(54e) Preparation of Novel Composite Materials Via CO-Coagulation of Nanoparticles

Since the term ‘nanocomposites’ has been proposed for the first time by Theng in 1970, the science dealing with these materials has arisen at the border of different areas of knowledge.

Numerous procedures for the preparation of nanocomposite materials have been investigated in order to generate materials with controlled features, which is still one of the great challenges in nanotechnology.
The purpose of this work is to use the extended and large knowledge of self-assembly behavior of spherical nanoparticles in aqueous solutions and its dependence on interparticle interactions for the preparation of various polymeric nanoparticles and the investigation of their self-assembly, to generate hybrid nanostructured composites.
The nanocomposites are prepared by blending together two colloidal suspensions made of charged particles. The first one is a suspension of hard silica nanoparticles (20 nm diameter) at different concentrations, while the second one consists of soft poly(butyl acrylate/methyl methacrylate) copolymer particles (80 nm diameter). The advantage of working in aqueous suspensions is that interparticles interactions of charged nanoparticles can be controlled.
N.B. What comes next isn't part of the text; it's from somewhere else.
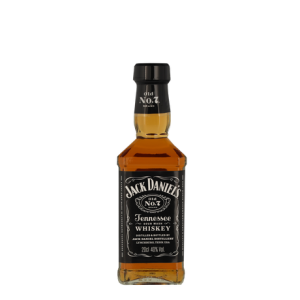 Jack Daniels 20cl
In order to investigate the specific role of such interactions on the final structure and mechanical properties of the materials, the nanocomposites have been synthetized following three different assembly strategies. The first one consists of simply mixing of stable particle suspensions with same surface charge. In the second case, instead, the filler particles were subject to aggregation and gelation while the matrix particles remained in stable suspension. The last case is that of hetero-aggregation of silica and rubber particles suspensions bearing opposite surface charges.
The solvent (i.e., water) was removed from all samples, which have been annealed, giving rise to nanostructured polymeric composites. All samples structure and mechanical properties have been characterized using different techniques (SAXS, AFM, SEM, tensile tests).